The grass was covered with mats; in addition to the bars, there were rings, a beam, parallel bars, a vault, and a pommel bar. She walked around, touching all the pieces like they were art. “They were my mom's.”

“I bet she practices here all the time,” I said, hoping.

She took the rings in her hands and, within seconds, she was upside down, her body like a blade. I don't think I've ever seen anyone so good at something in my life. Then suddenly she was spinning round and round so fast, her new bob whipping around until she flew into a dismount, her back arched, her face pointed up to her patch of sky.

“Wow!” I clapped. She beamed. That's when I noticed the skin rash we still had to deal with.

I pushed her back into the bathroom. “Come on, time for some serious exfoliation.” When I got the scrub from the shower, I saw all kinds of nasty rose shampoos, a sure sign of an old lady. “Sit.” I opened the apricot scrub and removed at least a few layers of skin.
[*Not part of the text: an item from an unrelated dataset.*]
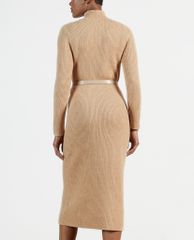 TED BAKER - Đầm midi dệt kim cổ cao tay dài Conniey Chunky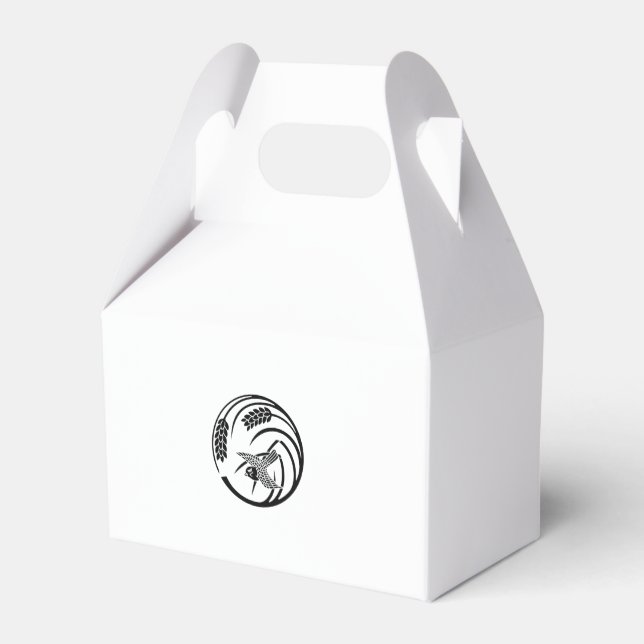 Sparrow in rice-plant circle favour box (Back Side)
I went for more; I went for pink.

She opened her eyes, and I noticed for the first time that they were a greenish brown. She closed them and got serious. “I'm the best gymnast in the school, but they don't want me on the team because they think I'm gross, that I'm ugly, even though I'd make them win.” She was getting a little wound up; I could see the whitening strip move. Not good.

“Whatever you do, don't cry. We gotta take years of yellow off those teeth.” I started to wipe off the mud mask I'd applied, and she closed her eyes and looked pretty peaceful. So I decided to ask what I'd been wanting to ask her all day, the question that would pretty much tell me everything I needed to know. “Marta, did your mom get your permit renewed?”

She started to cry. “Am I done?”

 

TRUE FACT:
I pretended not to notice. Remember how I told you middle children absorb everyone's problems? Today I really didn't want to be a sponge.

 

“Yep.” I rinsed, moisturized, applied some of her mom's light foundation, mascara, and lipstick, and brushed her silky hair. “I think you're done.”

Marta got up and looked at herself in the mirror. Slowly her chest began to heave, her eyes spilled tears like they'd been storing them
forever
, her mascara ran, and her whitening strips filled with spit. “I'm sorry, I need a second.” She pushed me out of the bathroom.

I knew it in my heart, but now it was time to see it with my own eyes. I tiptoed down the hall and opened the first door. The walls were covered with posters of majestic gymnasts flying through the air. The bed was unmade; horrible clothes were everywhere; on the floor were stacks of newspapers, scissors, food coupons. I quickly opened the next room, her mother's room, as still as death. Nothing out of place. Curtains drawn, mirrored closets closed, slippers by the untouched bed, and on the plump pillow, her medals. When I touched them, a film of dust came away on my fingers. The door squeaked. Marta was standing there. The jig was up.